Pero no acaba aquí la historia de esta infamia, que en la última retransmisión corrió doña Cristina Sánchez para cantar las maravillas de la fórmula y pedir que esta se extendiera para futuras tardes. Ella encantada de la pantomima, no dudo en decir a sus jefes que allí estaba ella para seguir arrastrándose por cuatro reales, que para lo que mandaran, ella ponía su piquito de oro al servicio del poder. Que todo esto puede parecer espontáneo, pero claro, ahora nos sale el señor martí, don Victorino jijo y nos suelta que pretende prolongar este timo del tocomocho para la temporada futura.
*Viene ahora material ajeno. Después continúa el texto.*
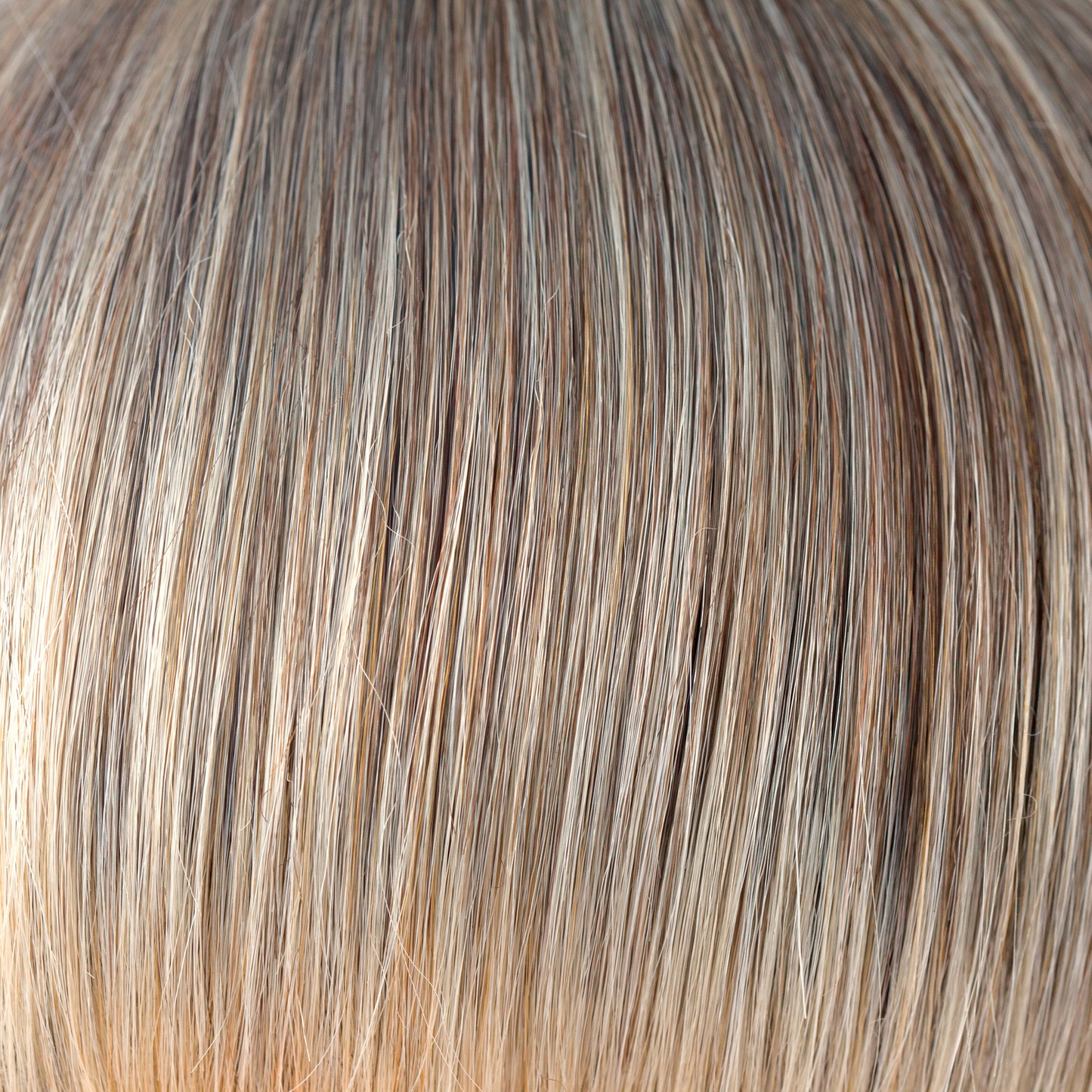 Frosti Blond  -  An ashy finely highlighted color, coming from a gentle root of dark blond. This is a very natural color, conservatively cool and sophisticated. Frosti Blond continues to wow us in any style!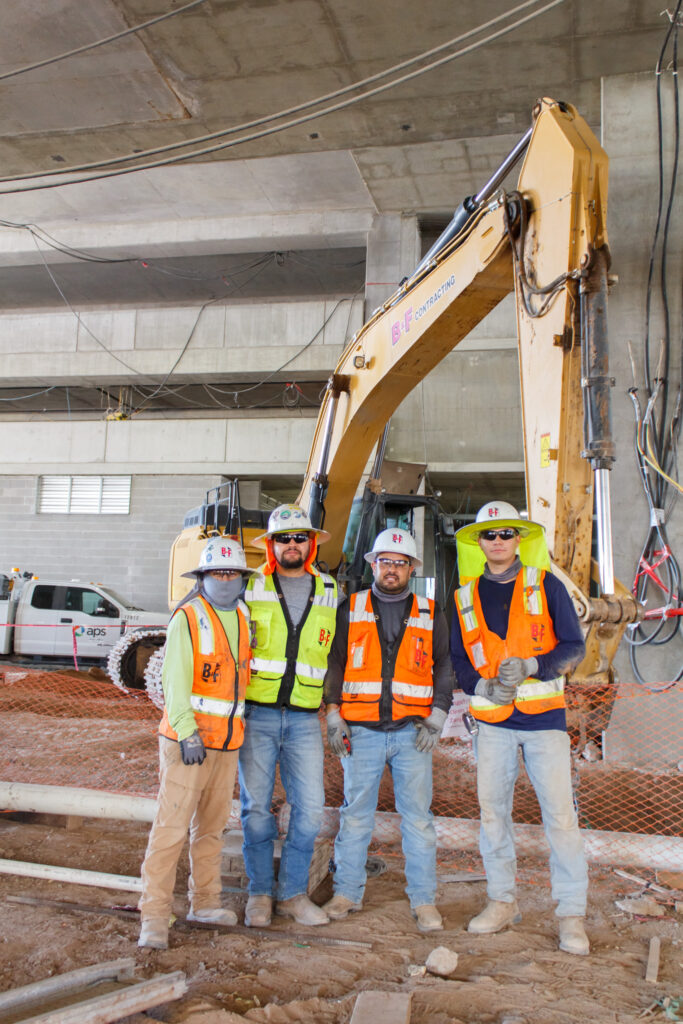 Crew smiling for photo in jobsite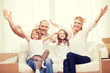 © Syda Productions - smiling parents and two little girls at new home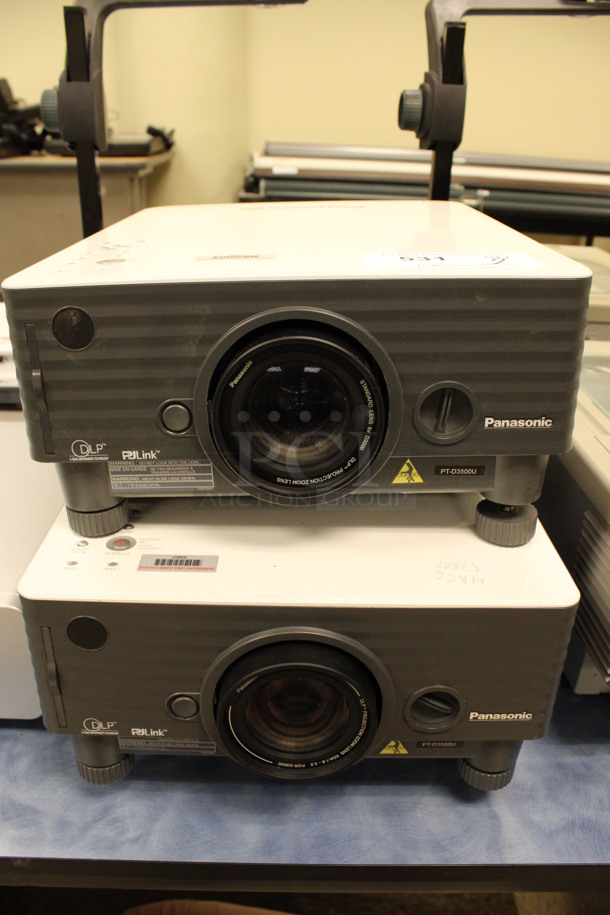 2 Panasonic Model PT-D3500U Projectors. 13x17x7. 2 Times Your Bid! (Room 105)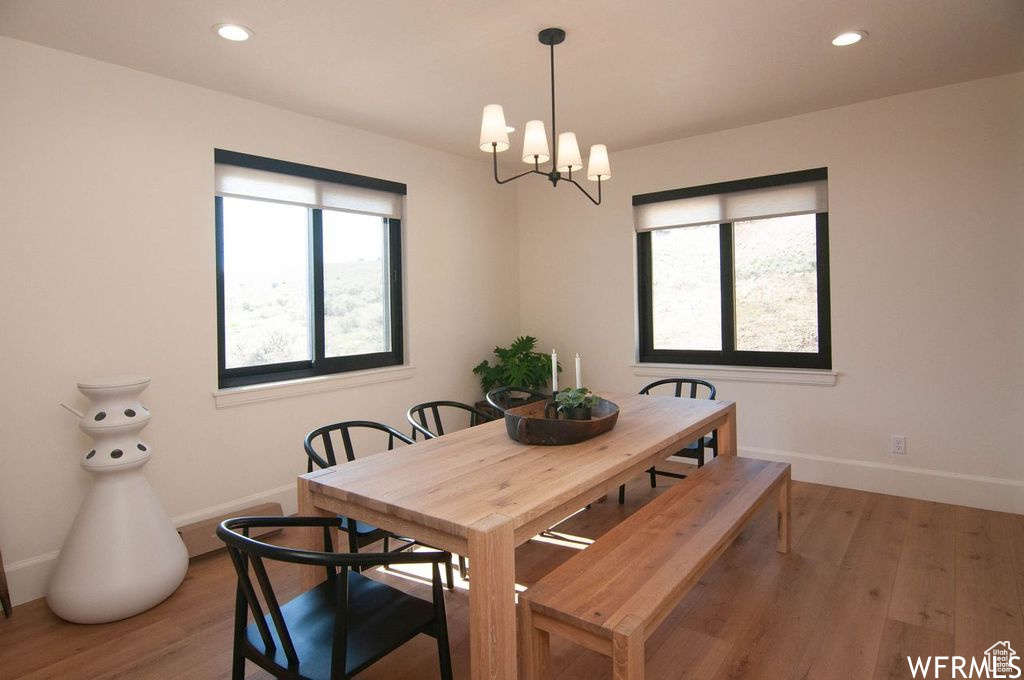 Dining area featuring a healthy amount of sunlight, wood-type flooring, and a chandelier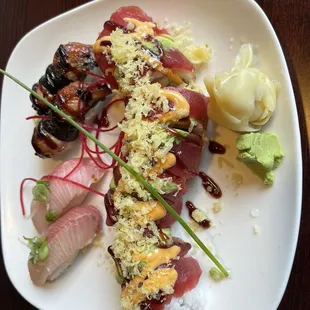 Hamachi (bottom left), Unagi (top left), J Maki roll in the middle.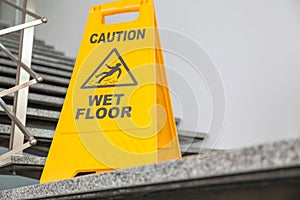 Safety sign with phrase Caution wet floor on stairs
Que lo de los cuatro toros es el no va más, que lo de la confección de los carteles es la reoca y que si además se embolsan unos eurillo, mejor que mejor. Que el está más que dispuesto a pasar a la historia, aunque sea a la de la infamia y que no le importaría que se le recordara junto con un prócer de las conquistas, ahí una collera de triunfo y desolación,  Victorino Martín y su compadre Atila el huno.